"Danny Mayer" <[EMAIL PROTECTED]> wrote in message
news:[EMAIL PROTECTED]
> David Schwartz wrote:
>> I think using the IP addresses in the crypto code is pretty
>> bone-headed
>> anyway, assuming you rely on it in any way.
Note the "assuming you rely on it in any way"?
>> You should use a public key
>> identifier, not an IP address. Using it as quick 'which endpoint *might*
>> I
>> be talking to' or '*might* this be from the same host I was talking to
>> before' is fine. But you should never rely on it.
> I'm not going to respond to the rest of this as the two of you have
> gotten way off topic. The newsgroup is about NTP and not UDP.
Once an erroneous statement is made in public, it needs to be corrected.
Especially one that people might rely upon to their serious harm.
> The above makes a basic erroneous assumption aout how autokey works.
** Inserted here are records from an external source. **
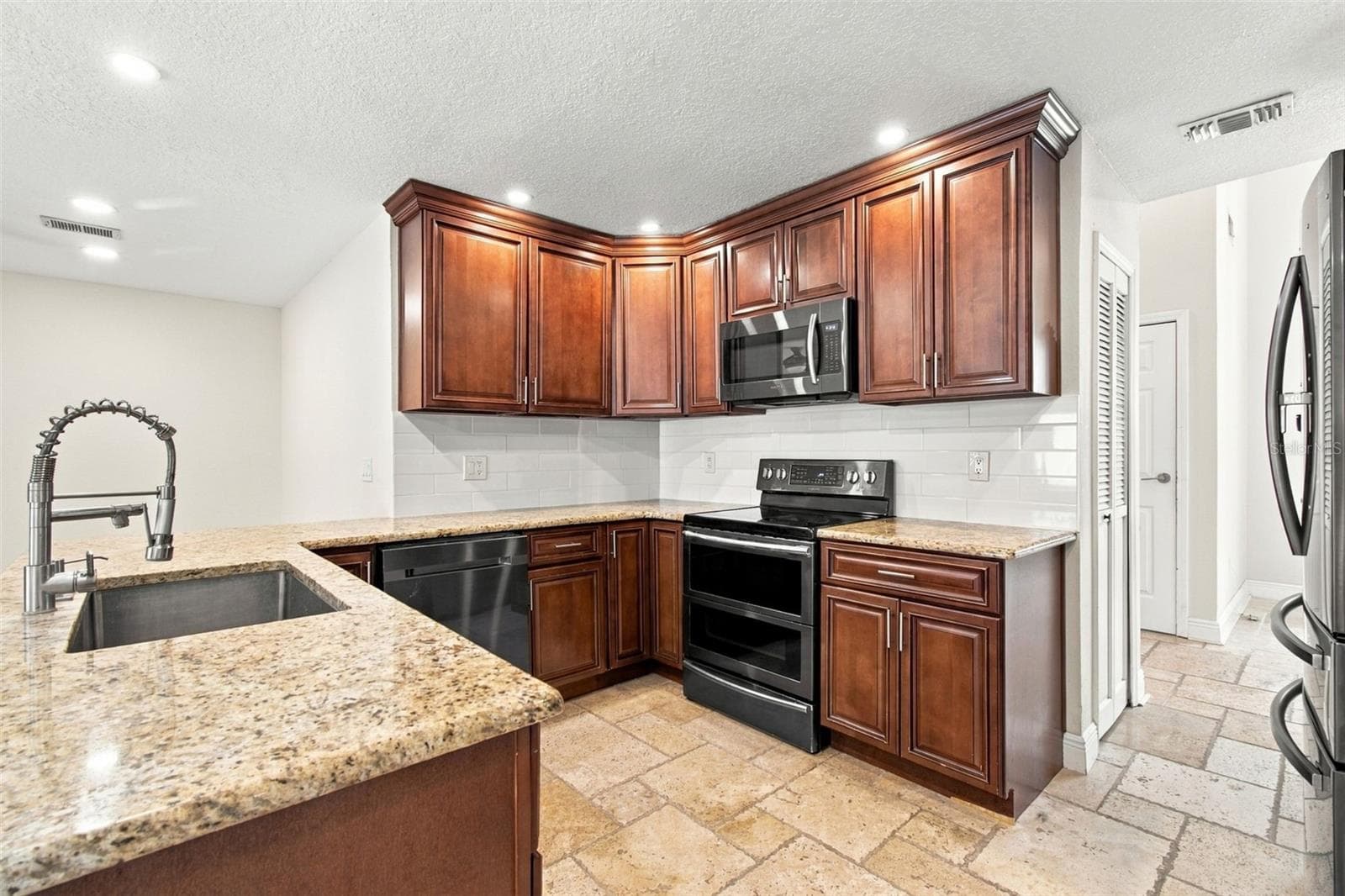Single Family Residence at 5822 BITTER ORANGE AVE, TAMPA, photo 22 of 40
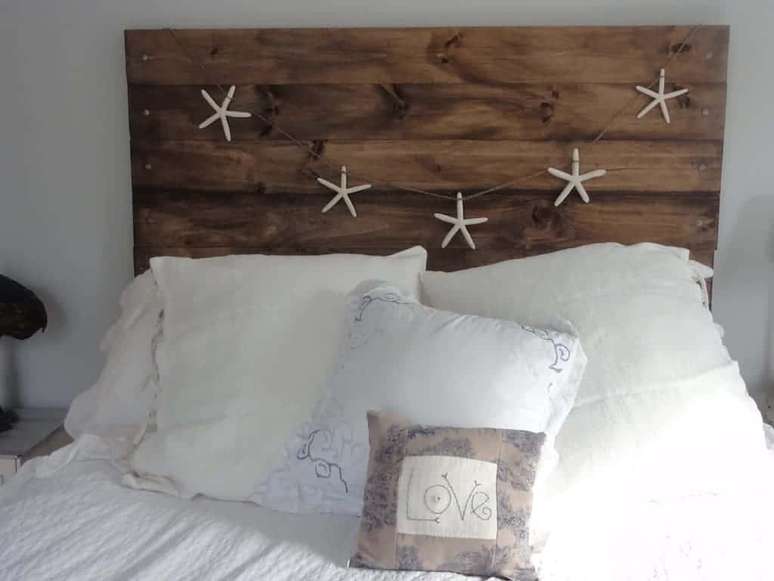 45. As estrelas que decoram o quarto trazem um estilo n&aacute;utico para o espa&ccedil;o. Fonte: Pinterest
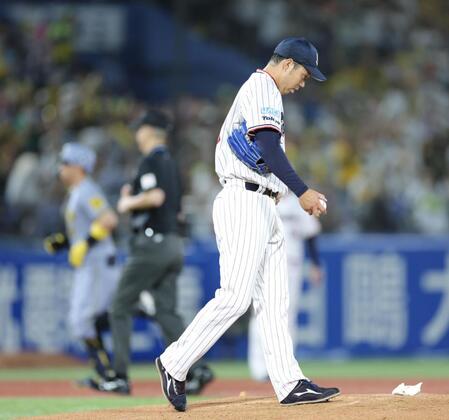 　２回、佐藤輝（左）に先制ソロを浴びた青柳（撮影・西岡正）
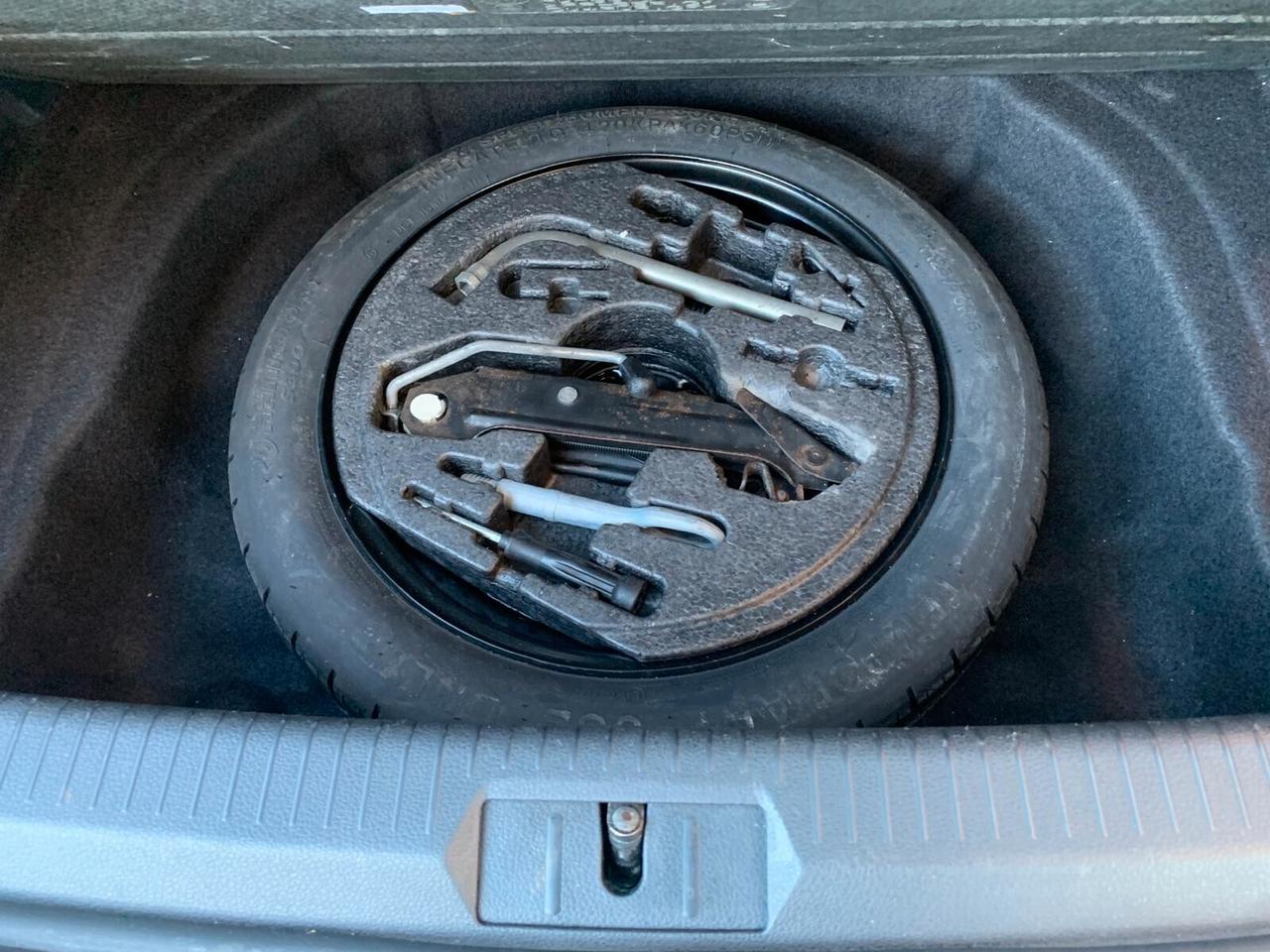 Volkswagen Golf VII 1.6 TDI 110 CV 5p. Neopatentati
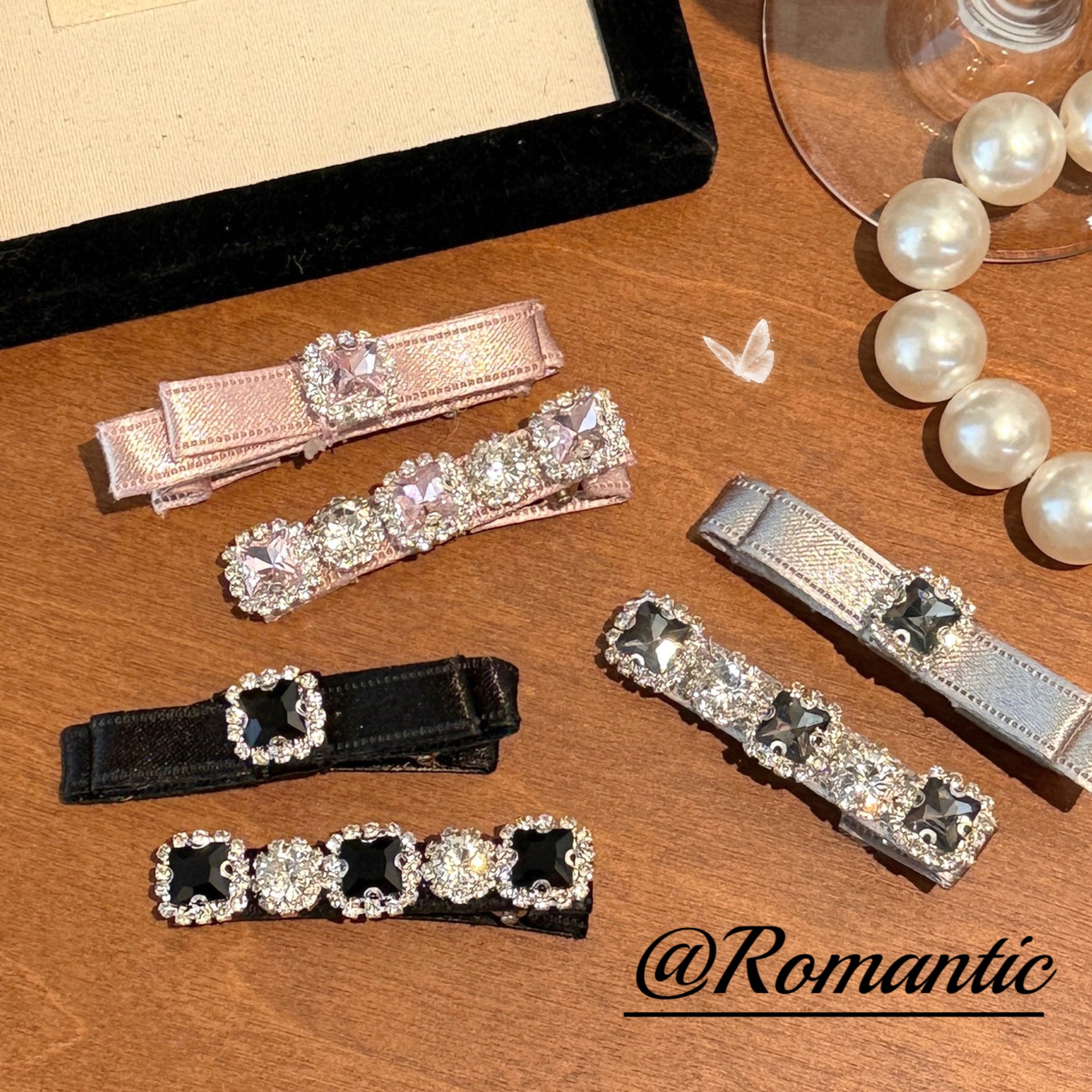 The high-end appearance level of the light luxury diamond hair clip is elegant and versatile. The full diamond duckbill clip is sweet and cool with a touch of gold. The bangs clip is a water diamond hair accessory details Picture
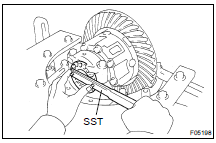 ADJUST SIDE BEARING PRELOAD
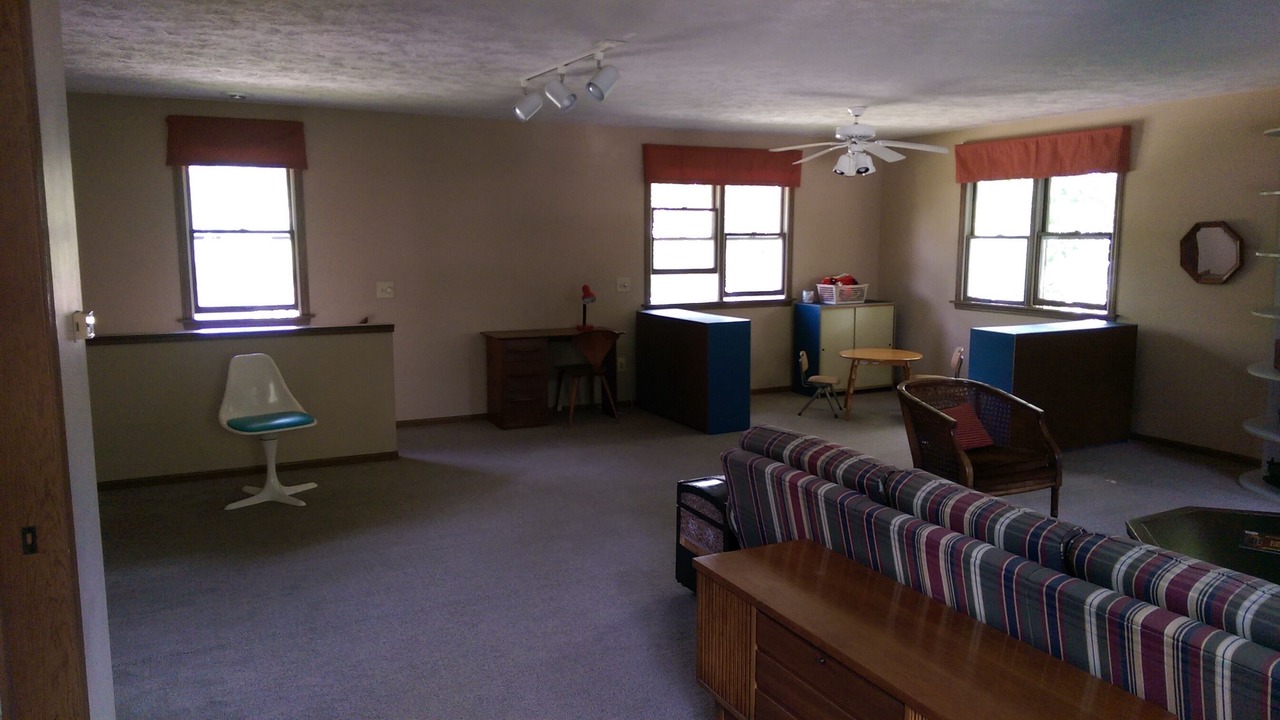 Photo of Livingroom in Spring Lake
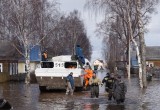 Устюжан, оставшихся в своих затопленных домах, некуда эвакуировать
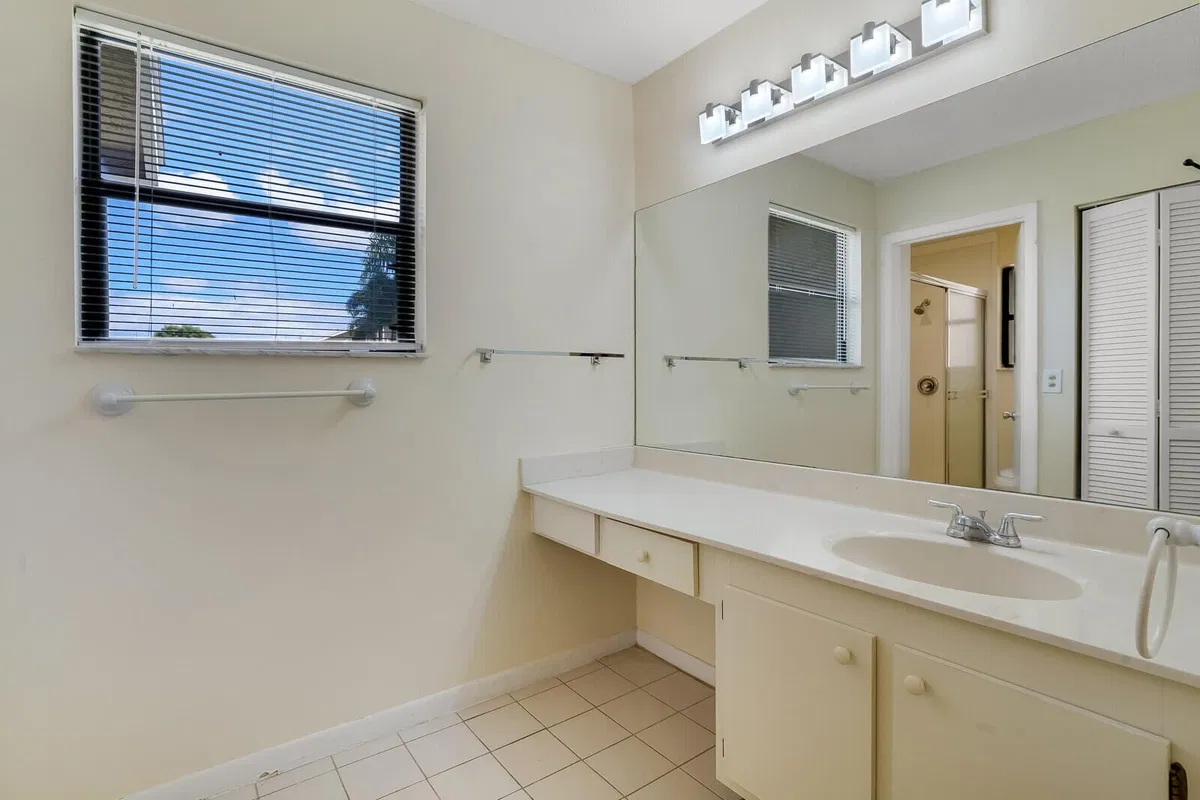 Residence photo 19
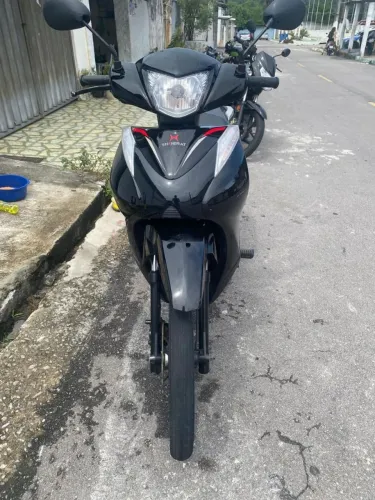 Por que comprei outra moto aí estou vendo 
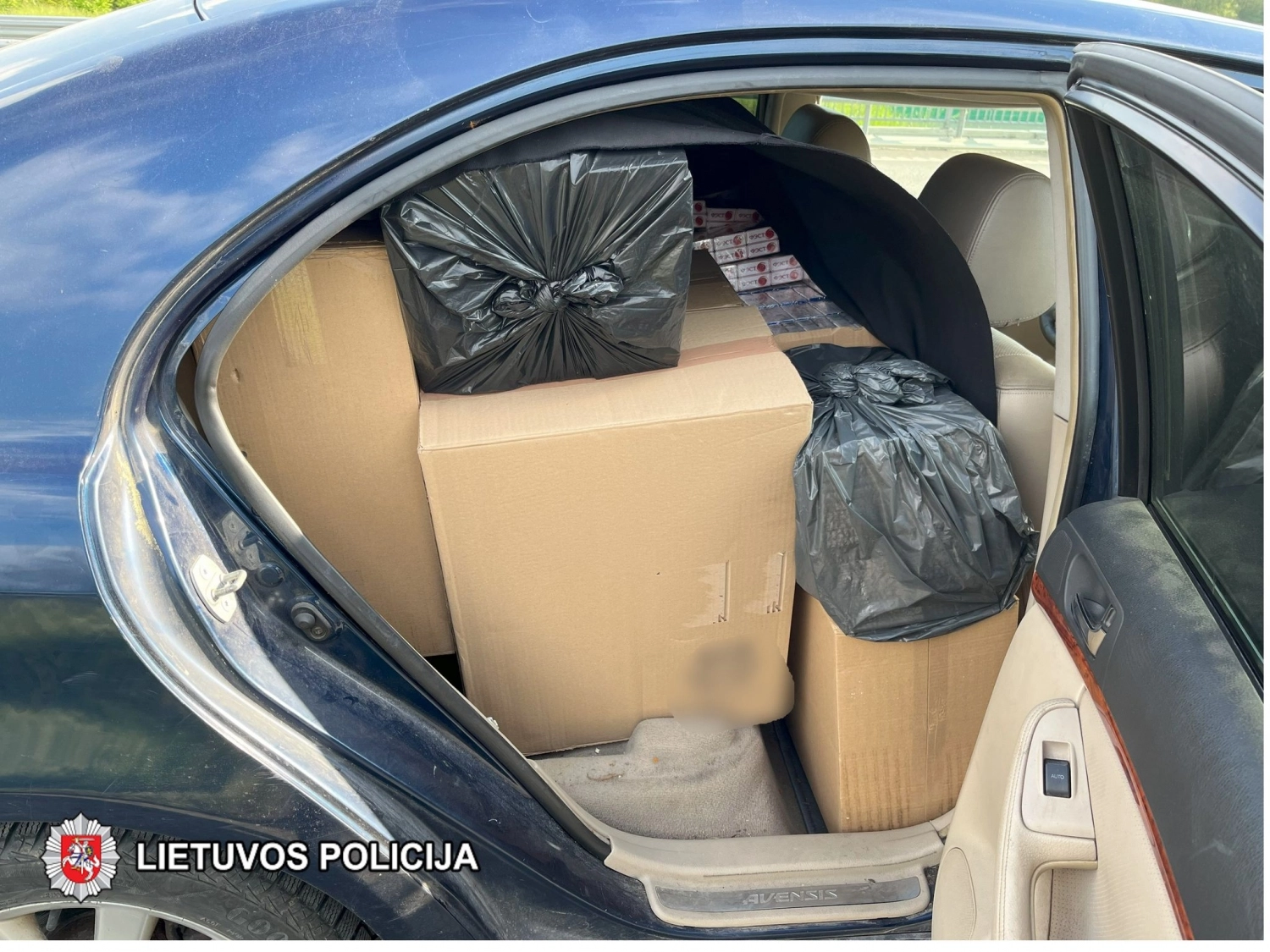 Vilnietis automobilyje gabeno kontrabandines cigaretes, kurių vertė viršija 45 tūkst. eur.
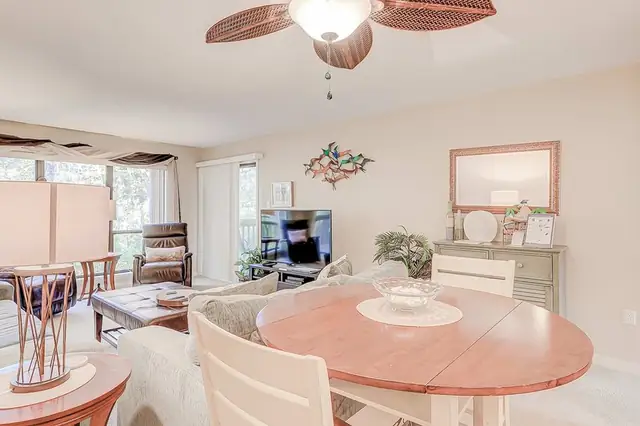 Dining area at The Moorings 43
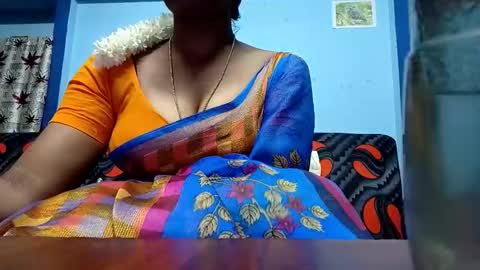 Snapshot of tamilmadhi520 chatting on 02/06/26, 06:00 tamilmadhi520 online show from 02/06/26, 06:00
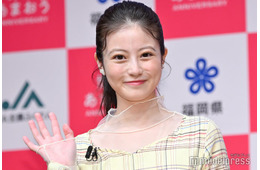 今田美桜、美肩ライン輝く肌見せワンピ姿「ツヤがすごい」「女神」と反響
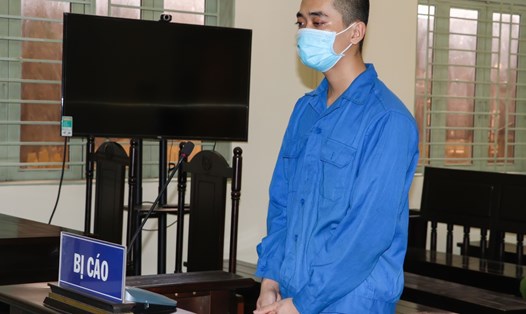 Bị cáo Phan Minh Nhàn tại phiên tòa xét xử về tội “trộm cắp tài sản”. Ảnh: Công an cung cấp
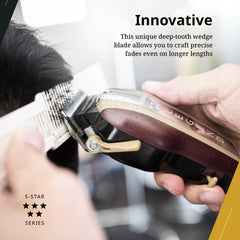 Lame en coin Wahl Professional en acier inoxydable pour plus de durabilité.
The above is not about how autokey works. That's why I said things like
"assuming you rely on it any way".
> It
> doesn't work the way you think.
It does work the way I think. I am not saying there is any defect in the
autokey protocol.
> The IP Addresses are just two
> ingredients in creating the protocol, not the only ones. You really need
> to read how it works before you criticize what it uses.
You could replace the IP address with a randomly-chosen 32-bit seed on
each side and the defense against MIM-attacks would not get any weaker or
stronger. The claim that you can use IP addresses to protect (or help
protect) against MIM-attacks is a dangerous falsehood. This is true for
autokey or any other protocol.
It has nothing to do with how autokey works. It's this simple -- the MIM
controls the IP addresses, so they are of no use to protect against the MIM.